Extracted material =
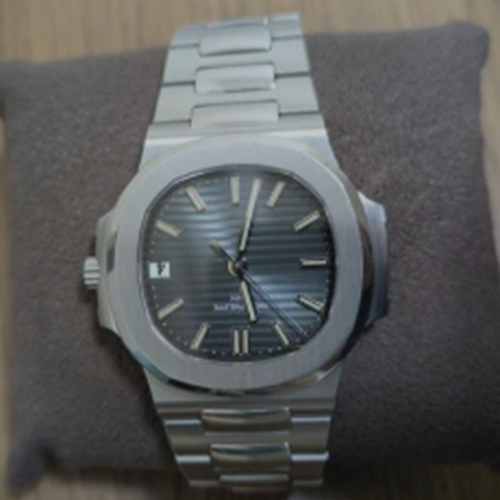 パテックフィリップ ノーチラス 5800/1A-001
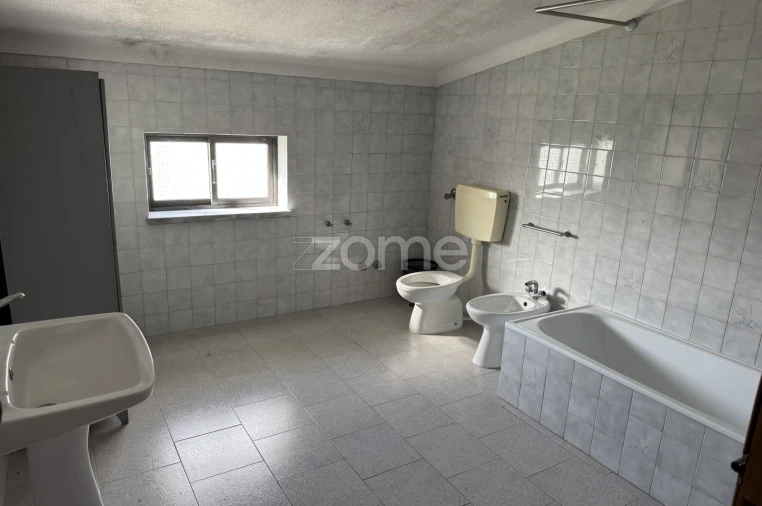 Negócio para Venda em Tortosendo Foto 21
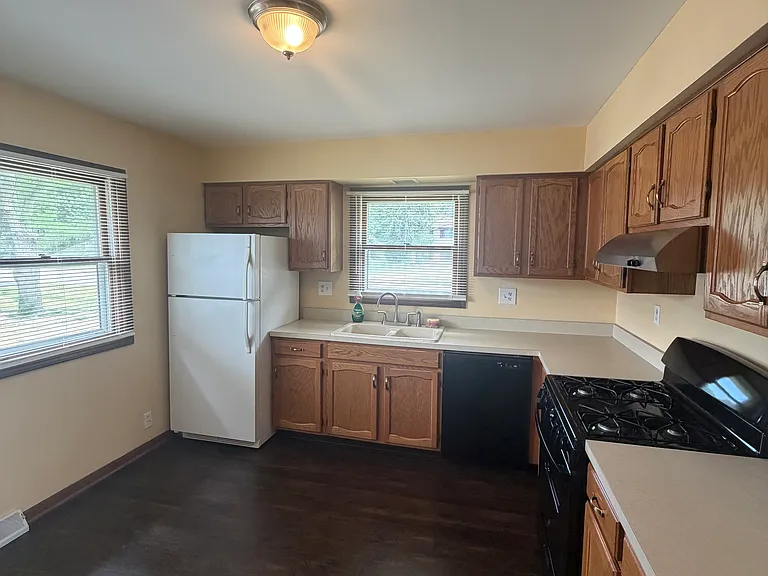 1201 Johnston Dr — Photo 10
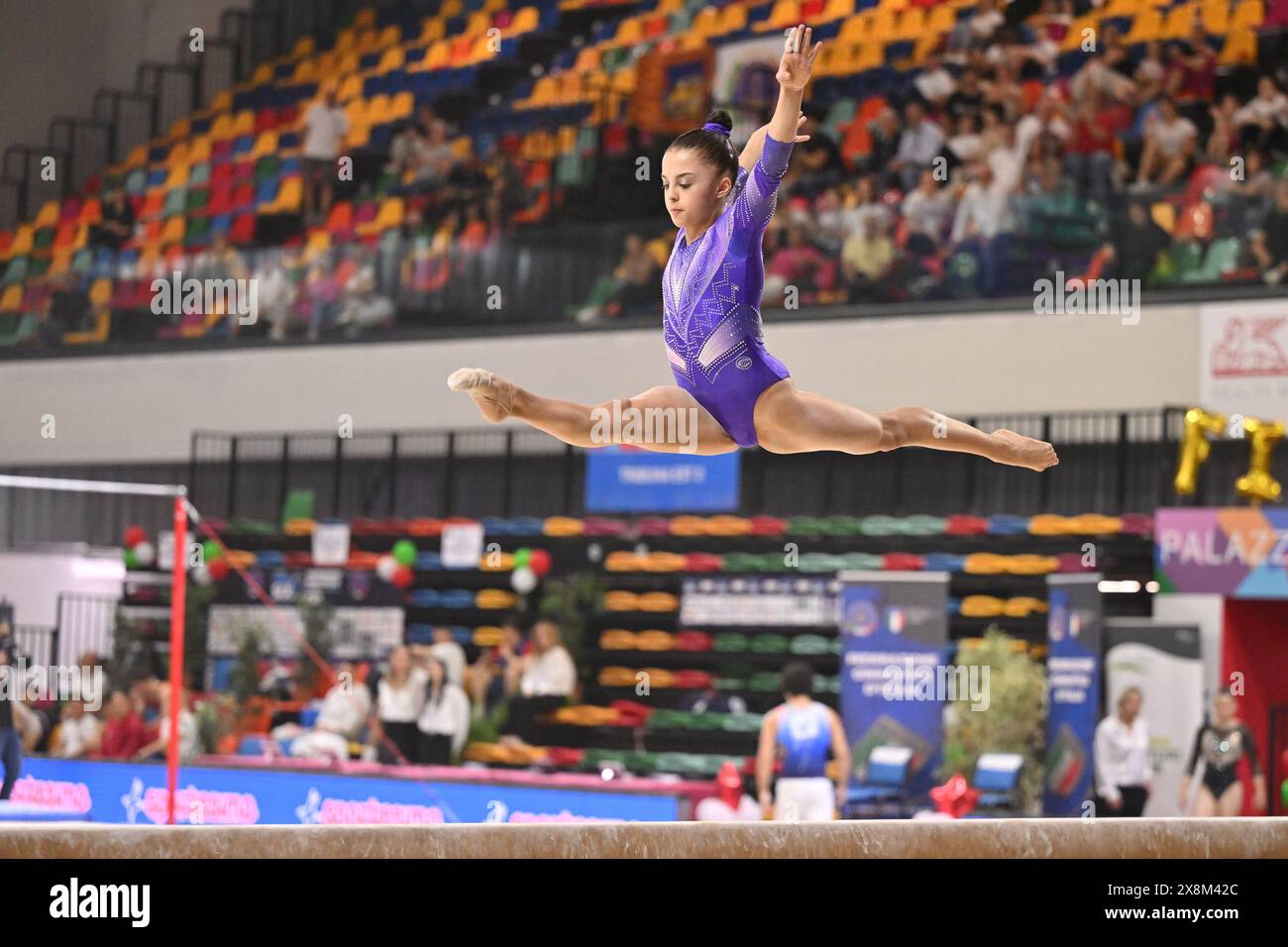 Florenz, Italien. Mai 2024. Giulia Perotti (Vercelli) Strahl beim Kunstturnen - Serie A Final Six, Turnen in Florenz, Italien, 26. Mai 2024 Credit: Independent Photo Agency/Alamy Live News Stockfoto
---
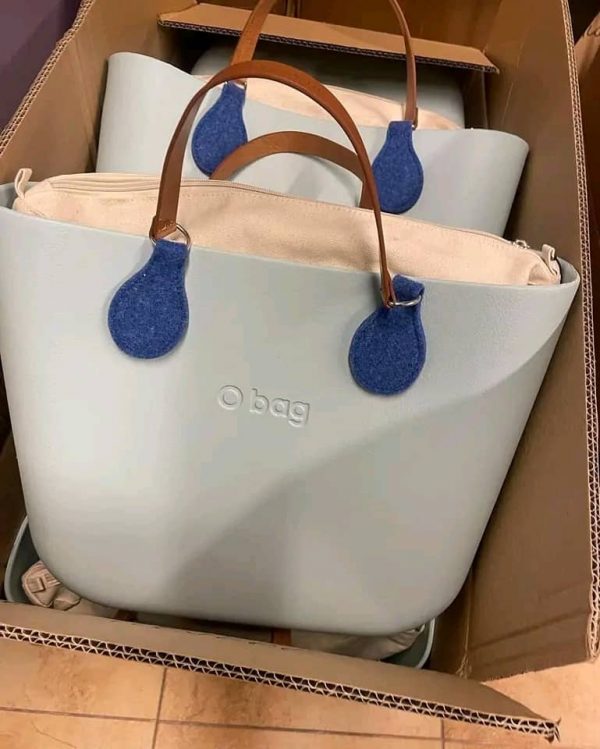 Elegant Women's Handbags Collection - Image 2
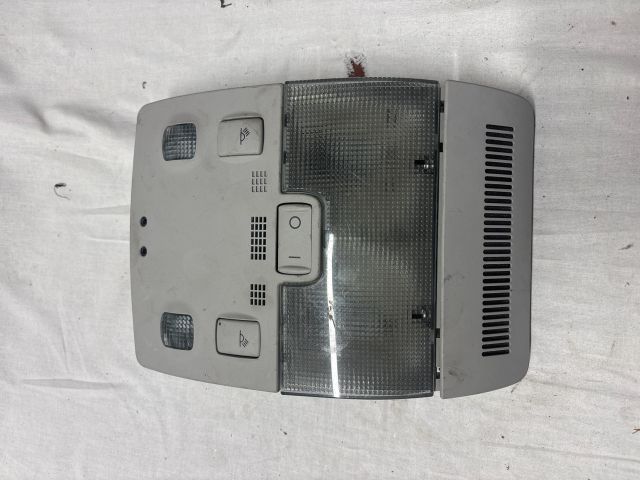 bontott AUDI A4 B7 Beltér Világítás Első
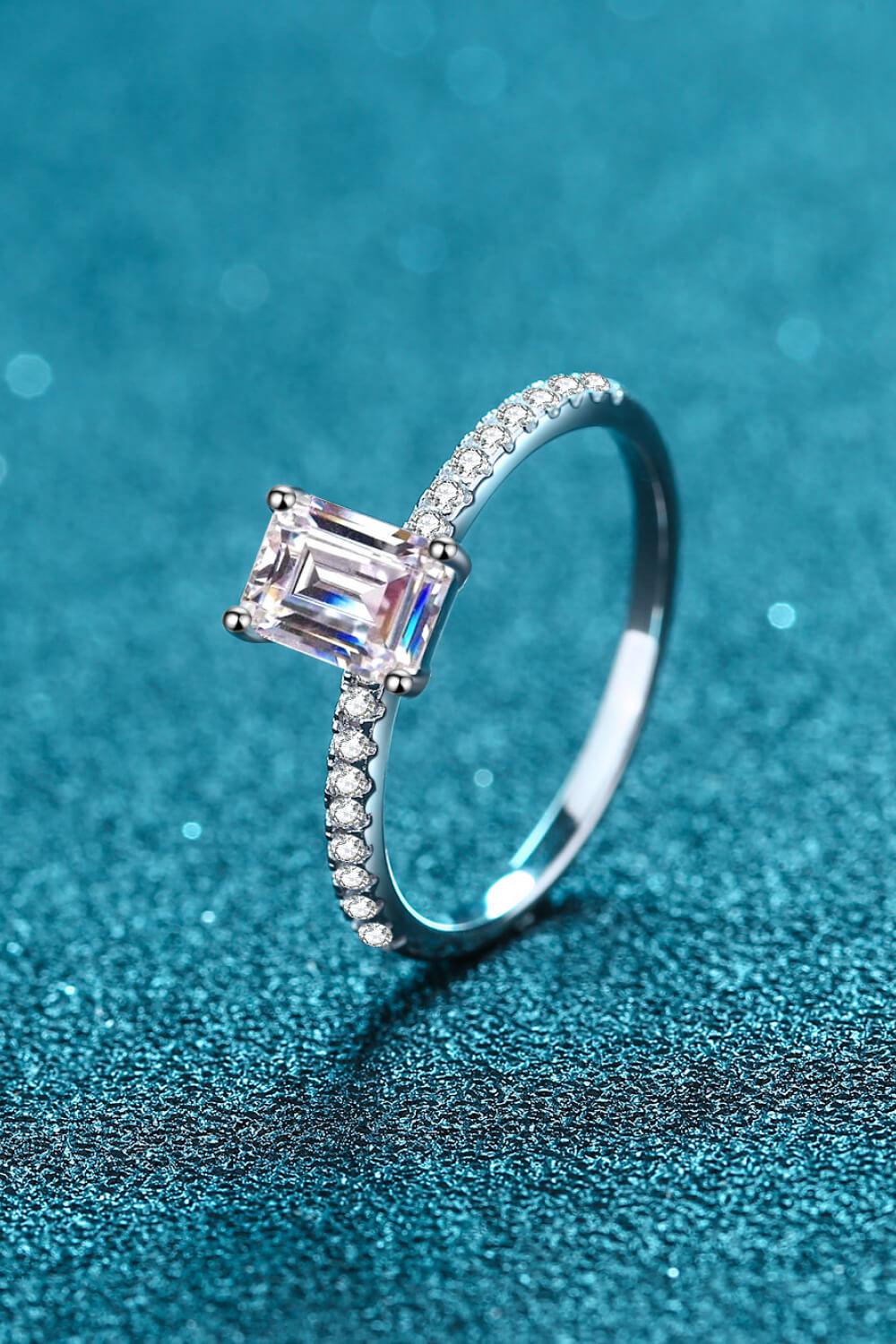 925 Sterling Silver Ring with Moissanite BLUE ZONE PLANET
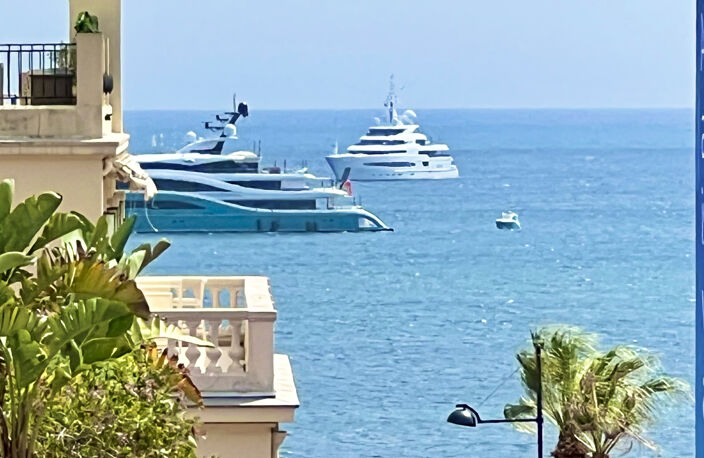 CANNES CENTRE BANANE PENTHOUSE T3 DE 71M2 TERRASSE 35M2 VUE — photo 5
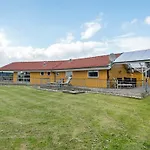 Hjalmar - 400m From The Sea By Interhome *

Task statement = Repeat, word for word, the lines of the material above from the one holding "パテックフィリップ ノーチラス 5800/1A-001" through the one holding "Florenz, Italien. Mai". Leave out pictures.

Finished exercise =
 パテックフィリップ ノーチラス 5800/1A-001
 Negócio para Venda em Tortosendo Foto 21
 1201 Johnston Dr — Photo 10
 Florenz, Italien. Mai 2024. Giulia Perotti (Vercelli) Strahl beim Kunstturnen - Serie A Final Six, Turnen in Florenz, Italien, 26. Mai 2024 Credit: Independent Photo Agency/Alamy Live News Stockfoto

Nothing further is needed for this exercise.